The extraction of what the authors call “quality phrases” from text is the topic of discussion in this monograph. To get an idea of what is meant by “quality” for a phrase, consider the three-word phrase “relational database system.” A simple system that extracts short phrases from a text containing this phrase will also extract “relational database” and “database system.” Moreover, if one simply counts occurrences, these two-word phrases will be weighed as heavily as the three-word phrase that includes them both. Thus, it is desirable to find a principled way that allows the longer phrase to be weighed more heavily. The monograph is devoted to ways in which this can be done.

To select quality phrases, some measure of quality is needed; in separate chapters, the authors describe two approaches to doing this. In the first approach, human intervention is used to supervise the mining process. The authors call this algorithm SegPhrase+. The quality of a phrase is measured by concordance among the subunits of a phrase; informativeness, which eliminates stop phrases and uses inverse document frequency; and completeness. An incomplete phrase would be “NP hard in the strong” as opposed to “NP hard in the strong sense” (recall that NP hard means non-deterministic polynomial time and is a measure of computational complexity). The steps in this method consist of first generating frequent phrase candidates, and then estimating their quality using the labeled good and bad phrases provided by the user. The third step is to estimate the rectified frequency; segmentation-based features are added, and the second and third steps are repeated. Finally, the phrases are filtered to remove ones with low frequency.

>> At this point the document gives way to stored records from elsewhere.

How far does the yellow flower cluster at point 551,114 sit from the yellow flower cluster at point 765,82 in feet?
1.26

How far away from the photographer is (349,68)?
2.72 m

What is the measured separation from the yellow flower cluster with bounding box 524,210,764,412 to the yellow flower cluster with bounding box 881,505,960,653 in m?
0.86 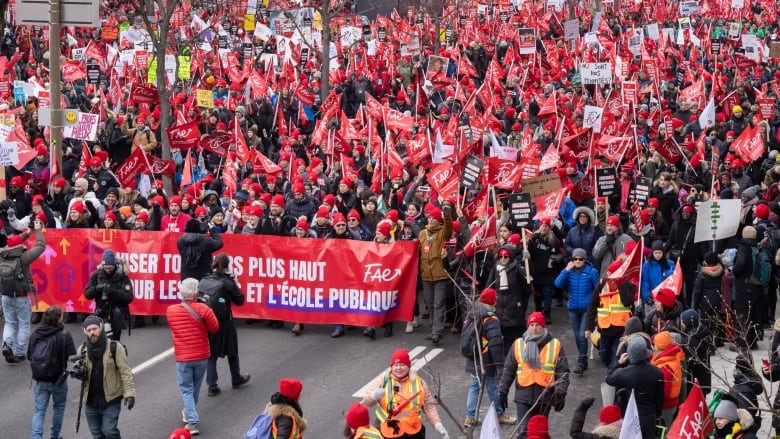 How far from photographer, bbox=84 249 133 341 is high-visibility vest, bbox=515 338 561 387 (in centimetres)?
469

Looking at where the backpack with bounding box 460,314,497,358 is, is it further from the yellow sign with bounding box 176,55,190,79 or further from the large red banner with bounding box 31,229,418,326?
the yellow sign with bounding box 176,55,190,79

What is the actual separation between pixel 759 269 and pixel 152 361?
23.1 ft

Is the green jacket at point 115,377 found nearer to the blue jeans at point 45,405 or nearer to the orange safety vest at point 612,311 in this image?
the blue jeans at point 45,405

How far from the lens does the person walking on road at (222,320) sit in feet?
41.8

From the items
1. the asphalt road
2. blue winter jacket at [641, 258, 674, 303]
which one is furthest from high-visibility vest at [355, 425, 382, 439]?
blue winter jacket at [641, 258, 674, 303]

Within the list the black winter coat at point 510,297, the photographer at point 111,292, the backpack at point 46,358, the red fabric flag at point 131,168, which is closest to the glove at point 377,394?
the backpack at point 46,358

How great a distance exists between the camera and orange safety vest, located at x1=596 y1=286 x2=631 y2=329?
42.4 feet

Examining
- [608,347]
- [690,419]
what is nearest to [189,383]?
[608,347]

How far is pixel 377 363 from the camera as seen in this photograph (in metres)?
14.0

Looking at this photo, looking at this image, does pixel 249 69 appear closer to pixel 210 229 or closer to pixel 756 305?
pixel 210 229

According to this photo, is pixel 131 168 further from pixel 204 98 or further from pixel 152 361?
pixel 204 98

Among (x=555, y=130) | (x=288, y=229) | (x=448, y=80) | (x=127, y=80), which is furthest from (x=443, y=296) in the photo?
(x=127, y=80)

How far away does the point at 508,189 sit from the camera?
1755cm

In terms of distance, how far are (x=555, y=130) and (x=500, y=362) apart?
11.5 meters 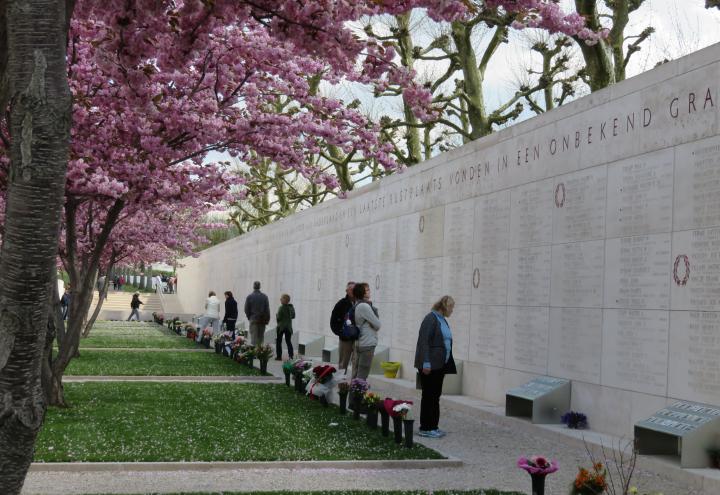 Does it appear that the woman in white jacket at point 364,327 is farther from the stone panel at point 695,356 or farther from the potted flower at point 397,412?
Result: the stone panel at point 695,356

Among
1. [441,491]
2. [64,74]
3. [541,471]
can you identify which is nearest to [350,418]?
[441,491]

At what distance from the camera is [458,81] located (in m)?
24.0

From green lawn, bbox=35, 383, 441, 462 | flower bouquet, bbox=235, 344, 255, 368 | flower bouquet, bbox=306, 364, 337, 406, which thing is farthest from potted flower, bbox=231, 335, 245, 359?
flower bouquet, bbox=306, 364, 337, 406

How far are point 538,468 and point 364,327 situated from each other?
7.14m

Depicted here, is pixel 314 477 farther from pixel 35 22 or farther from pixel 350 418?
pixel 35 22

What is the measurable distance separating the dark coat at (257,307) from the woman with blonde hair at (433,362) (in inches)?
510

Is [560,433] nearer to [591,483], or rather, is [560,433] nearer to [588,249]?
[588,249]

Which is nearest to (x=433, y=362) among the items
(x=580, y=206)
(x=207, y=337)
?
(x=580, y=206)

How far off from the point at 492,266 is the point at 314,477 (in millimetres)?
7372

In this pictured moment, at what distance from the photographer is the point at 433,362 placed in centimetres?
1119

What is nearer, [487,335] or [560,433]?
[560,433]

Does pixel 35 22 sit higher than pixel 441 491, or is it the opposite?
pixel 35 22

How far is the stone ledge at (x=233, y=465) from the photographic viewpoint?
843 cm

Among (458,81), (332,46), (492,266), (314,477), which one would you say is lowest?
(314,477) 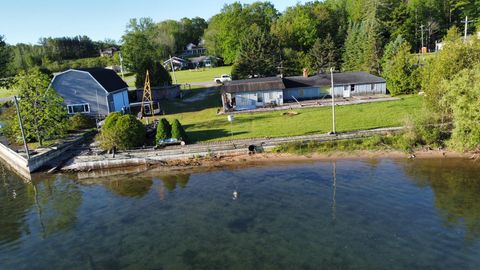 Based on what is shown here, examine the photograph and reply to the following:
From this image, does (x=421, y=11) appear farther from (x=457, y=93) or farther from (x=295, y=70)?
(x=457, y=93)

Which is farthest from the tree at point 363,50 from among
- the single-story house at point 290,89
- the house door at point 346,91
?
the house door at point 346,91

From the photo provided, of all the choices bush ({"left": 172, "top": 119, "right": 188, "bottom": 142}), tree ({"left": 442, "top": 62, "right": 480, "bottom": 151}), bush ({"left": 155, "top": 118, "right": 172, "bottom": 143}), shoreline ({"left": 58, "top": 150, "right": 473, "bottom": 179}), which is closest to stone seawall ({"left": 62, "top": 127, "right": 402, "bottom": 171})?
shoreline ({"left": 58, "top": 150, "right": 473, "bottom": 179})

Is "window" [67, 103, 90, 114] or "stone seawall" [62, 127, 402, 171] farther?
"window" [67, 103, 90, 114]

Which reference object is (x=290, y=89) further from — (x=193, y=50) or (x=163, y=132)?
(x=193, y=50)

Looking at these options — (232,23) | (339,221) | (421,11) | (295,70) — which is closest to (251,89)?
(295,70)

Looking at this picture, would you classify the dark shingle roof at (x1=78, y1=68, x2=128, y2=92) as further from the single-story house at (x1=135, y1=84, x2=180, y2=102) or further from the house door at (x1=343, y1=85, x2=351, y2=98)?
the house door at (x1=343, y1=85, x2=351, y2=98)

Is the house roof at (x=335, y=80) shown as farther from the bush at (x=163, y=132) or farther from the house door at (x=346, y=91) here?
the bush at (x=163, y=132)

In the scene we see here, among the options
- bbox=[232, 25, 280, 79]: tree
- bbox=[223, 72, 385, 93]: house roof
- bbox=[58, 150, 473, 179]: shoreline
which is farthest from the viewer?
bbox=[232, 25, 280, 79]: tree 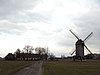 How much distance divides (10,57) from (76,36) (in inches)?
3337

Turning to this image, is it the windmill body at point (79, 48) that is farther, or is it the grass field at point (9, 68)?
the windmill body at point (79, 48)

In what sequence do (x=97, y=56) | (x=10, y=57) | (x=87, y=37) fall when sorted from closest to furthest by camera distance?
(x=87, y=37)
(x=97, y=56)
(x=10, y=57)

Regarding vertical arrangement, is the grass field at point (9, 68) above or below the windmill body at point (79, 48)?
below

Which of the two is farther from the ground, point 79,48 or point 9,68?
point 79,48

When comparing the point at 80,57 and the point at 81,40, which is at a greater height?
the point at 81,40

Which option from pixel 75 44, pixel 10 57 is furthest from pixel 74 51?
pixel 10 57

In the second approach, which describes an algorithm called AutoPhrase+, the initial quality phrases are obtained by using texts such as wiki texts, where certain phrases are already highlighted in some way, for example by being headers or serving as links. Since this technique will recover single-word phrases, concordance cannot be used as a quality measure, so independence is used. This has the effect that “united” is discounted because it usually occurs within a phrase like United States. AutoPhrase+ makes use of part-of-speech information in phrase construction, but no use is made of ontologies. AutoPhrase+ requires only a knowledge base (Wikipedia was used in the case study), a tokenizer, and part-of-speech information so that it can be built for many languages.

For each of these approaches, the authors describe the algorithms needed to set up the system, along with variations that serve to improve each system. In each case, the efficiency of the systems is discussed. Both types of system achieve linear time performance in terms of the size of the texts. The effects of the variations are also quantified. Example experimental results are given for each technique. Indeed, the authors provide extensive examples to illustrate the ideas behind each step in the systems.

The final section of the monograph describes some applications of the two systems, comparing their effectiveness. The applications are a latent key phrase inference, which handles the issue raised by the use of synonyms, thus finding “doctor” as significant as “physician.” A second application considers topic exploration for a document collection, and thus applies the authors’ ideas to multiple texts. A third application is to knowledge base construction. A final section discusses future research.

The monograph provides a promising template for retrieval systems, particularly AutoPhrase+ for its use of existing texts to weight phrases. It is recommended for graduate students and others interested in seeing examples of mining for phrases that can characterize the contents of documents.